STEVE as a whole is something that scientists are still working to label. Scientists tend to classify optical features in the sky into two categories: airglow and aurora. When airglow occurs at night, atoms in the atmosphere recombine and release some of their stored energy in the form of light, creating bright swaths of color. By studying the patterns in airglow, scientists can learn more about that area of the atmosphere, the ionosphere. To be classified as an aurora, on the other hand, that release of light must be caused by electron bombardment. These features are formed differently but also look different—airglow can occur across Earth, while auroras form in a broad ring around Earth's magnetic poles.
"STEVE in general appears to not conform well to either one of those categories," Semeter said. "The emissions are coming from mechanisms that we don't fully understand just yet."
STEVE's purple emissions are likely a result of ions moving at a supersonic speed. The green emissions seem to be related to eddies, like the ones you might see forming in a river, moving more slowly than the other water around it.
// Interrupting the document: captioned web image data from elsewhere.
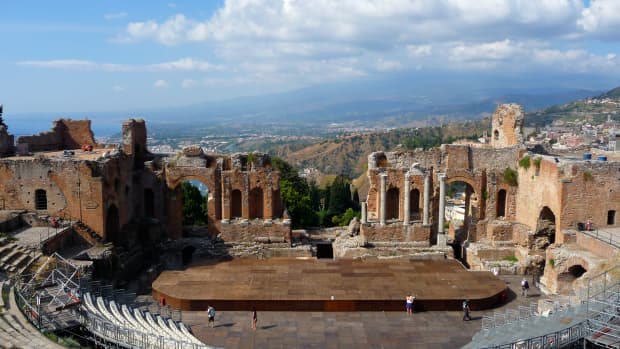 visiting-the-ancient-greek-theatre-taormina-sicily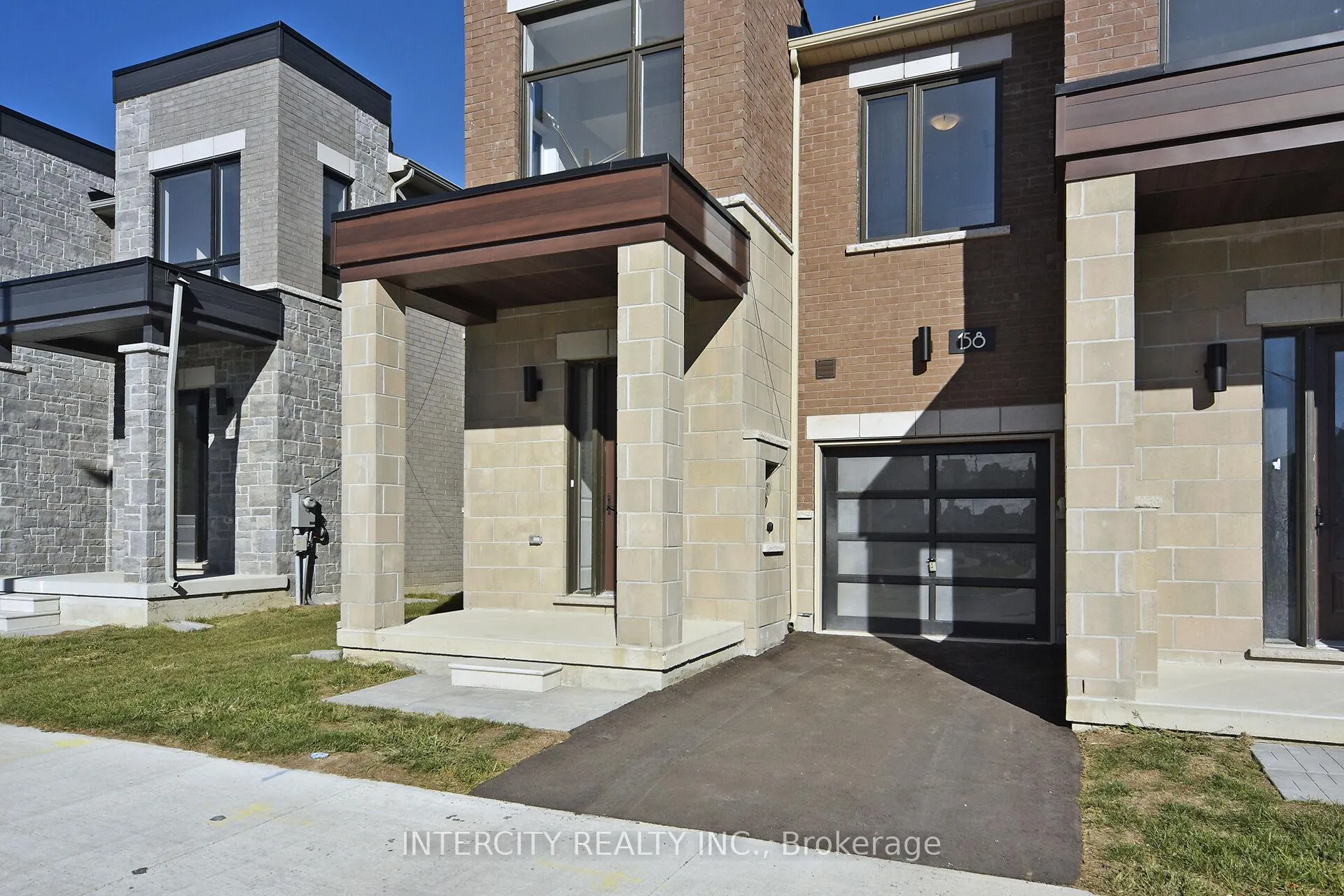 Photo 3 of 158 Mumbai Drive, Markham, Middlefield — HOMEH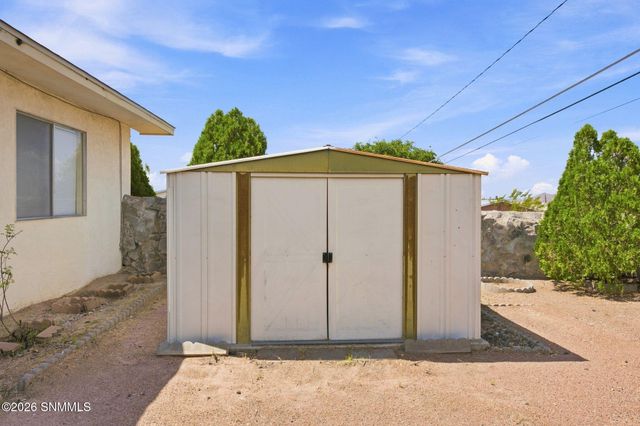 1803 Seldon Avenue, Las Cruces, NM 88001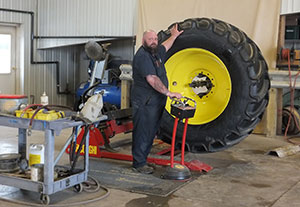 Shop floor at Harry's Farm Tire in Wheatland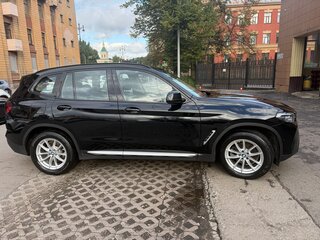 2022 BMW X3 20d xDrive III (G01) Рестайлинг, чёрный, 5299000 рублей, вид 3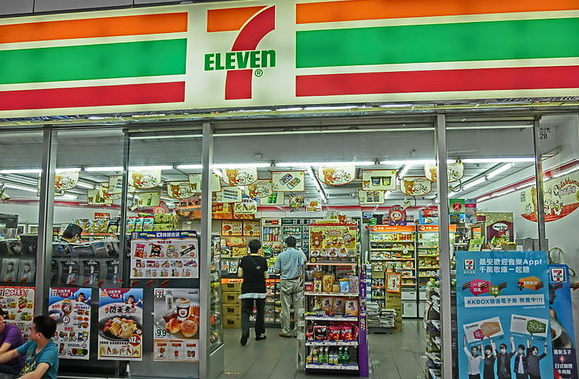 2026 想开一家稳赚便利店？711加盟为什么是首选-图片1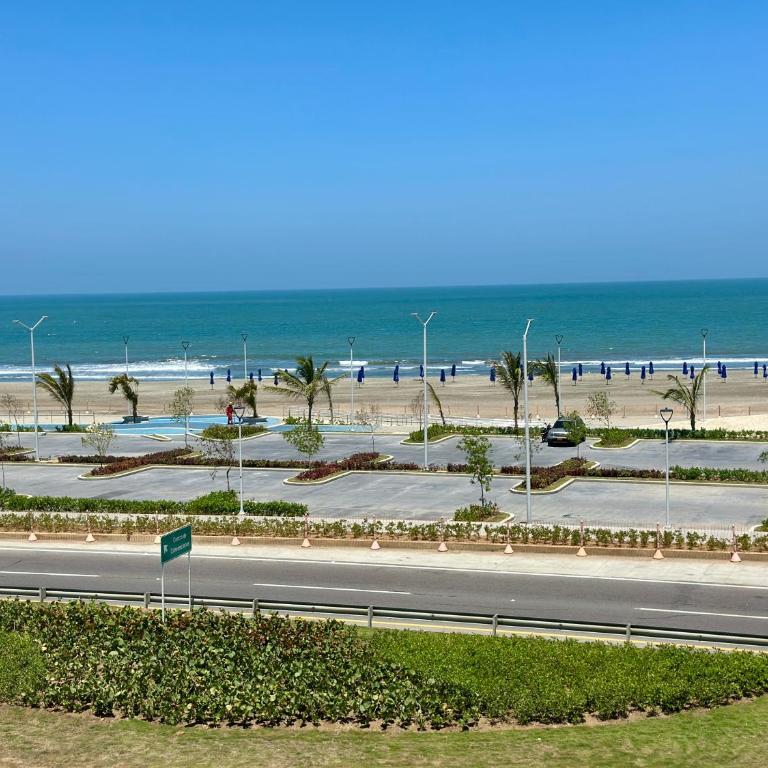 Hotel Summer Frente Al Mar - Family Room with Balcony - 5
The green features are also moving more slowly than the structures in the purple emissions, and scientists speculate they could be caused by turbulence in the space particles—a brew of charged particles and magnetic field, called plasma—at these altitudes.
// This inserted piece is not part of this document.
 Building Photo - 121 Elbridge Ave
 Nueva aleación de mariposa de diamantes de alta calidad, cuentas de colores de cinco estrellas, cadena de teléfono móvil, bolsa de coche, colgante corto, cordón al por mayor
"We know this kind of turbulence occurs. There are people who base their entire careers on studying turbulence in the ionospheric plasma formed by very rapid flows." Semeter said. "The evidence generally comes from radar measurements. We don't ever have an optical signature." Semeter suggests that when it comes to the appearance of STEVE, the flows in these instances are so extreme, that we can actually see them in the atmosphere.
"This paper is the tip of the iceberg in this new area of these tiny little pieces of the picket fence. Something we do in physics is try to chip away to increase our understanding," MacDonald said. "This paper establishes the altitude range and some of the techniques we can use to identify these features, then they can be better resolved in other observations."
To establish the altitude range and identify these features, the scientists extensively used photos and videos captured by citizen scientists.
"Citizen scientists are the ones who brought the STEVE phenomenon to the scientists' attention. Their photos are typically longer time lapse than our traditional scientific observations," MacDonald said. "Citizen scientists don't get into the patterns that scientists get into. They do things differently. They are free to move the camera around and take whatever exposure they want." However, to make this new discovery of the points within STEVE, photographers actually took shorter exposure photographs to capture this movement.
To get those photographs, citizen scientists spend hours in the freezing cold, late at night, waiting for an aurora—or hopefully STEVE—to appear. While data can indicate if an aurora will show up, indicators for STEVE haven't been identified yet. However, the aurora chasers show up and take pictures anyway.
Neil Zeller, a photographer and co-author on the paper, says he didn't originally plan to be a citizen scientist. "It was just for the beauty of it," Zeller explained. Zeller has been involved with the discovery of STEVE from the start. He showed a picture he took of STEVE to MacDonald years ago, sparking the first research into the phenomena. Now he's a co-author on this paper.
"It's an honor, it really is," Zeller said about contributing to this research. "I tend to take a step back from the scientists doing the work. I'm out there for the beauty of it and to capture these phenomena in the sky."
This paper also made use of another valuable citizen scientist contribution—a volunteer database of STEVE observations. Michael Hunnekuhl, another author on the paper, maintains this database and has contributed to STEVE findings in the past. Hunnekuhl noticed the streaks in the photographs independently of the scientists on the paper, and his detailed record and triangulation techniques were pivotal in this research.
Zeller and other citizen scientists plan to keep taking and examining those pictures, capturing the beauty of Earth's atmosphere, and MacDonald, Semeter, and other scientists will keep studying them, uncovering more about this new phenomenon.